La conclusión de Jesús es revolucionaria. El publicano no ha podido presentar a Dios ningún mérito, pero ha hecho lo más importante: acogerse a su misericordia. Vuelve a casa trasformado, bendecido, «justificado» por Dios. El fariseo, por el contrario, ha decepcionado a Dios.
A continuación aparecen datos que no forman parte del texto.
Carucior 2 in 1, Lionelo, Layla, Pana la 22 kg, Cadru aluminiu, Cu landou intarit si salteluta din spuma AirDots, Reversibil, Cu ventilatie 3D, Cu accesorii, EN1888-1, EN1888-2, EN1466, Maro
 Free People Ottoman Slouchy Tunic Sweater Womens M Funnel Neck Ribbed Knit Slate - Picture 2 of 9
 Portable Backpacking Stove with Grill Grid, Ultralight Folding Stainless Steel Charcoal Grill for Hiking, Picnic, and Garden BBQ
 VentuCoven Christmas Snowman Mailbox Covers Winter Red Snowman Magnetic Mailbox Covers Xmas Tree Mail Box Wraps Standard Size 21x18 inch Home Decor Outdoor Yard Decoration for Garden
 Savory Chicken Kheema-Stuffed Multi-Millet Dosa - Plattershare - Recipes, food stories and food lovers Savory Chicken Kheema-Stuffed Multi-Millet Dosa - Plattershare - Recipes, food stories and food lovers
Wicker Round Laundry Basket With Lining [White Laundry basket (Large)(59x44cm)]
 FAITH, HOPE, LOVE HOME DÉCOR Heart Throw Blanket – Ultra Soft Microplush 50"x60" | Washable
Sale del templo como entró: sin conocer la mirada compasiva de Dios.

A veces, los cristianos pensamos que «no somos como los demás». La Iglesia es santa y el mundo vive en pecado. ¿Seguiremos alimentando nuestra ilusión de inocencia y la condena a los demás, olvidando la compasión de Dios hacia todos sus hijos e hijas?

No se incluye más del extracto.